Much of the time, when I consider souls, I think of light, and how it reaches, impacts, and transforms, yet cannot be touched. I'll be thinking about it all a little more than usual, today-- thanks.
Consider the writings of Milton and then re-ask the question,
"Do the blind not see, for example?" Milton's sight seemed to be keener than most of us with sight.
This particular article -- WOW! I shall not say that it has opened a can of worms, but. . .hmmm. . .has set forth some very provocative questions that I seem to discuss -- not debate, mind you -- with friends and family all of the time, and we really have fun with the exchanges; we learn, discover and understand newer points-of-view.
I love it!
I would like to hear more about this from you. Eloquence; you have said a great deal with very few words, Firesmith. I would like to delve into this more deeply; fascinating.

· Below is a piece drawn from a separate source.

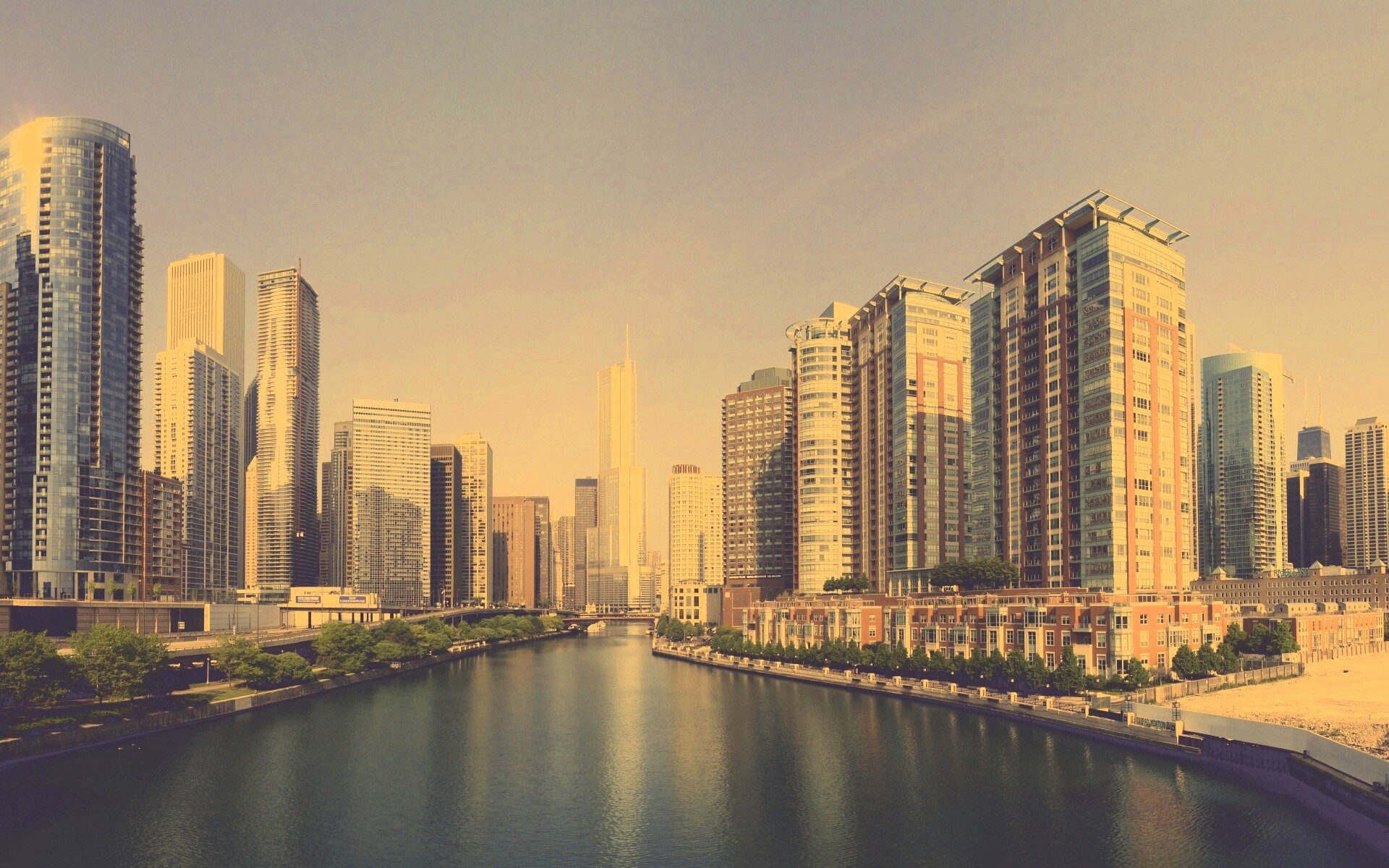 Вид на Чикаго обои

Very well done, Firesmith.
Now see, I blew it then. There are no absolutes.
My pleasure!
Good thing I haven't stopped looking!
If you found it fast it would be like getting a meal from McDonalds.

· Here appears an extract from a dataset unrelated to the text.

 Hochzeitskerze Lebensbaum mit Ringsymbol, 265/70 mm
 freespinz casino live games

Only the journey makes the destination worthwhile.
It's what makes sense to me, Penni!
"Do the blind not see, for example?" Milton's sight seemed to be keener than most of us with sight.
Those with sight are blind to what they do see. I think we're told from childhood what god is and we then try to stick more and more on that without seeing there isn't anything there to begin with.
I just never bought into it.
"I wish you to be schooled and in awe as thought you were kissed by god full on the lips"
The journey, Rose, comes at its own pace. You're where you are for who you were. The time it took is the time it was going to take.
I think you're a great person, however you came to be.
Excellent analogy!
sigh I wish more of my fellow Texans thought along these lines...
Too many people blindly follow the words of God as taught by the parasitic clergy!
I'm with Rose in that I believe the soul is essence of each person.
Maybe the next upgrade will include an edit option for these darn comment boxes.